But rather than a critique of Downton the series (I’ll leave that to the links offered above- take it up with those authors), I’m interested in unpacking episode 3 of season 6 to see how it relies on some very cliché and hackneyed narrative tools, in the hope that I and others can identify, understand, and avoid them in our own writing.



The Dress

Perhaps the most egregious thing in the episode is the abortive plot point that goes nowhere.  In this episode it is “Mrs Hughes needs a wedding dress.”  Mary offers some of Cora’s clothes without telling her mother.  Mrs Hughes and the maids try on the clothes in Cora’s room.  Cora returns from a bad day out and makes an appearance in the drawing room with Mary, Edith, and The Earl but conveniently leaves before Mary can remember to tell her about the clothes (and of course Mary does not follow up on this or Cora turn around when she hears Mary’s voice cut off by the closing door). Yes, communication errors like this happen all the time in real life.  Bad scripts rely upon such communication errors in order to lazily advance a plot point.

What follows is high drama when Cora walks in and berates the lady staff for trying on her things in a very wooden scene (honestly, can anyone in the cast just recite lines without  playing an actual emotion like Elizabeth McGovern?).  The actors portraying the lady staff get to play chastised briefly, Mary gets to play indignant briefly, and Cora gets to apologize.  And the whole thing is resolved very quickly. It serves absolutely no narrative purpose other than to create some bland drama for drama’s sake, and to eat up some air time.  No one is affected by it in any way.

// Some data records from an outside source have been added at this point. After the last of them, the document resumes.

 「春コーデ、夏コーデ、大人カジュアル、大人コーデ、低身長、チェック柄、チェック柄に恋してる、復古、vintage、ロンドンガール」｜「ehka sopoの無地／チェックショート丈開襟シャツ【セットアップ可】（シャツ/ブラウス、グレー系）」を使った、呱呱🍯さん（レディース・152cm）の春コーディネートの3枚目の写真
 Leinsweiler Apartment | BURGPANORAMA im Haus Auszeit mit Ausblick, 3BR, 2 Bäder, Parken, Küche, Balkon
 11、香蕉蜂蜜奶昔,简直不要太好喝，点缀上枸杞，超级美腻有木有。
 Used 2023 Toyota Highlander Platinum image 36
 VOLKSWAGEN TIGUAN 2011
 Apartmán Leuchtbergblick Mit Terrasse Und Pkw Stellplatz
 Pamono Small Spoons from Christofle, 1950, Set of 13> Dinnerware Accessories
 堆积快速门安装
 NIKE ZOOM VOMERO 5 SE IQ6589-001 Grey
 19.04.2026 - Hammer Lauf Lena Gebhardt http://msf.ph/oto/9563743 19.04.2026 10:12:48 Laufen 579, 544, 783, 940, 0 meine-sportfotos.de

I could be generous and say that narratively, perhaps, this diversion serves to reinforce the class roles of all involved– Cora gets to be the wealthy benefactor giving hand-me-downs in the end, and the maids get to be put back in their servile place, but even this is sloppy since the whole thing is layered over with a schmaltzy “we owe Mrs Hughes so much” vibe (for no other reason than she has served loyally all these years). The whole thing still seems to me to be no more than manipulative filler.  It’s there to create some brief, cheap, empty drama, unburdened by actually having any point or consequence.



The Farm

Speaking of Cora, apparently there’s some lurking unresolved plot point this season about her helping someone potentially losing a farm that the kitchen maid Daisy is very worked up about.  I was not interested enough to try and figure it out.  Daisy is told that Cora is involved somehow and is happy the Countess is taking charge.  She’s told not to say anything about it… but of course at first opportunity she blabs to Cora that she knows all about it. These sort of inconsistent characters are incredibly cliché, and it’s no coincidence Daisy’s inconsistency is often played for comedy.  We know she is going to be inconsistent.  We roll our eyes and say “that’s our Daisy.”  I suppose it is sort of the warm familiarity Downton audiences are looking for, but it’s still shoddy character motivation.

Back to the plot point: When Cora is told by Daisy that she knows about the farm, we know from her stumbling that Cora is not actually doing what Daisy thinks.  But does Cora actually explain that to Daisy and end the misunderstanding right there?  No!  Of course their conversation is interrupted by another character’s arrival and Daisy trots off.  Does Cora try to follow up with Daisy later to make things clear.  No!  Of course not.  Those two characters are not put together until later in the episode when Daisy again brings it up and again Cora stammers and AGAIN they’re interrupted before Cora can explain, and the topic is immediately dropped.  This is shoddy screenwriting again.  Contrived misunderstanding and poor communication skills, and that clichéd “third character interrupts two characters before things can be made clear and nothing is ever followed up on” device gets used twice in the same episode to the same characters!  Don’t do it in your writing.



Mary Mary Why You Buggin’?

As an aside, Mary seemed to spend most of this episode just stating facts and having a reaction to things.  It is the ‘stating facts’ stuff that seems to be a hallmark of this show that is ripe for parody.  I imagine Dawn French in a flapper wig narrating all of the scenes we just saw for the benefit of whatever character happens to be in the drawing room.  Or whatever viewer missed the subtext because they ran to the toilet.



The Return at the Wedding

Mrs Hughes has a Very Important Scene where she tells the Granthams that her and Mr Carson’s wedding will be “all about them.”  It will be their day, which is why they’re not having it on the estate and doing it all themselves.  On any other show it would be an opportunity for the staff to assert their humanity and independence.  On Downton it is in the context of how this all makes the Granthams feel.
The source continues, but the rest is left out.